SINGAPORE, June 5, 2026, 00:05 (SGT)
- Ohmyhome shares traded on Nasdaq rose 1.25% to $0.7189 late morning in New York.
- Singapore property-tech firm is trading at micro-cap levels, while recent filings show its losses are set to widen in 2025.
- U.S. markets stayed open, tech names dragged on the Nasdaq.
Ohmyhome Limited (OMH) stock picked up 1.25% in New York on Thursday, closing at $0.7189. The Singapore-based proptech firm’s shares moved between $0.7011 and $0.7864 through the day. Trading stayed thin, and the low price plus worries about cash burn stuck with investors.
OMH is a micro-cap, so any small trade can move the stock a lot. StockTitan said Ohmyhome has a market cap near $17.3 million, with shares dropping almost 65% in the last 12 months.
The U.S. market traded normally on June 4. The next market close in June is set for Juneteenth, June 19, according to Nasdaq’s 2026 holiday calendar.

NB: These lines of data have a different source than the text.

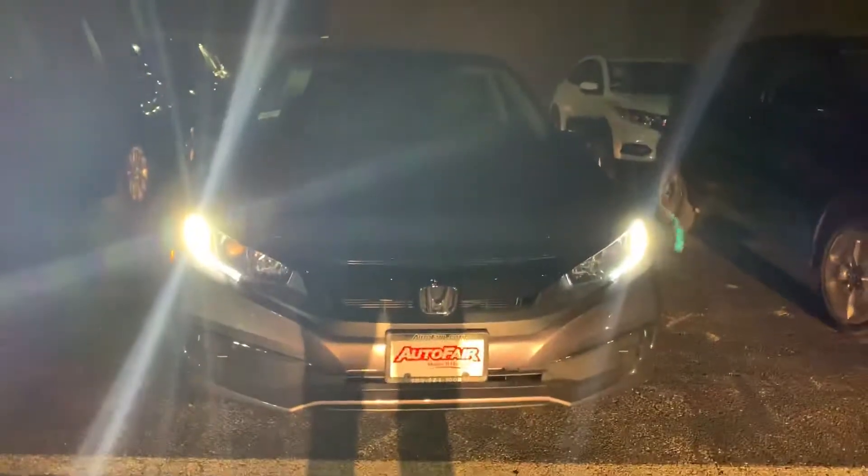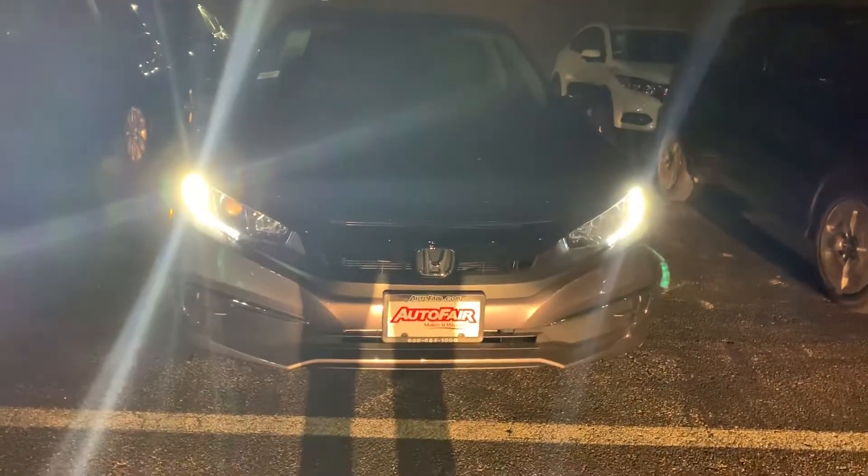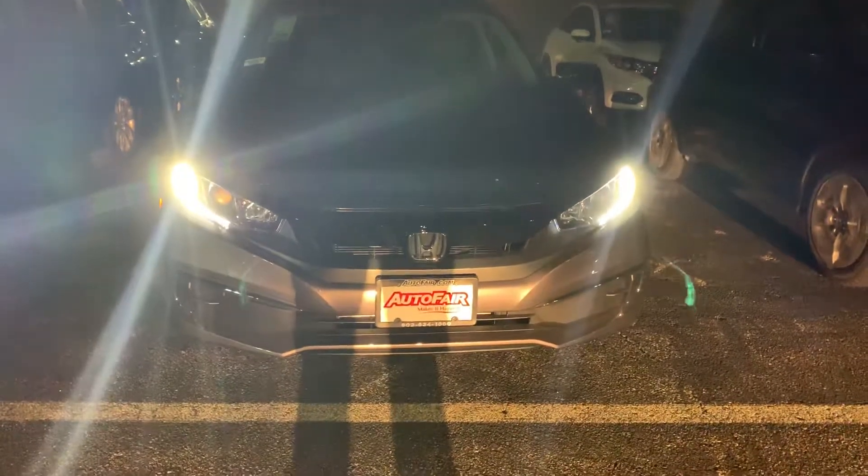Hi, Michael. Zak here from AutoFair Honda in Manchester, New Hampshire. I wanted to give you a quick walk around on the 2019 Civic LX you're interested in.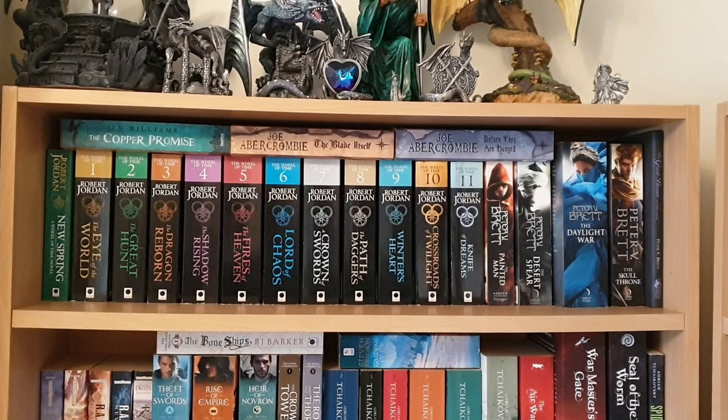Then I've got Peter V Brett's Demon Cycle. I've got book five to read on my Kindle but I haven't read it yet. This used to be one of my favourite series when it started off. I really enjoyed The Painted Man — known in the US as The Warded Man — but I found the books kind of lost their way a little bit and went downhill. At the end I've got a really nice special edition of The Great Bazaar and Other Stories, which is signed by the author. I won that in a competition many years ago.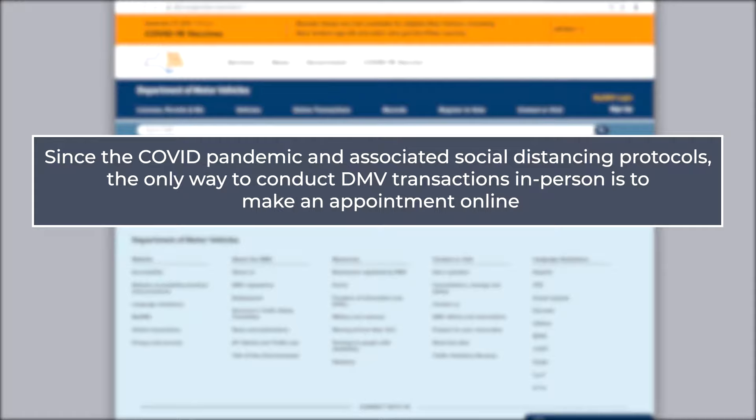Since the COVID pandemic and associated social distancing protocols, the only way to conduct DMV transactions in person is to make an appointment online.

Ohmyhome’s latest annual filing showed revenue up 12.5% in 2025 at S$12.2 million, driven by property management and services, but brokerage revenue dropped 32.6% to S$2.6 million. It’s not just about the stock price.
The move has a double edge. Property management added steady fees for the company, but the main brokerage unit—where Ohmyhome gets commissions on sales—shrunk as a share of the total.
Losses grew. The company posted a 2025 net loss of S$9.2 million versus S$4.4 million last year. Loss per share was S$0.67, both basic and diluted.
Cash flow is in focus too, the cash companies make or spend running their business. Ohmyhome reported it used S$4.2 million for operating activities in 2025 and warned more negative operating cash flow could bring liquidity risks.
OMH shares are listed on the Nasdaq Capital Market. The group operates its businesses with subsidiaries in Singapore and Malaysia.
Management has shifted too. In April, the company named Agus Prasetyo, who is already CEO, as acting CFO starting April 23. The company said he would handle financial operations in the transition.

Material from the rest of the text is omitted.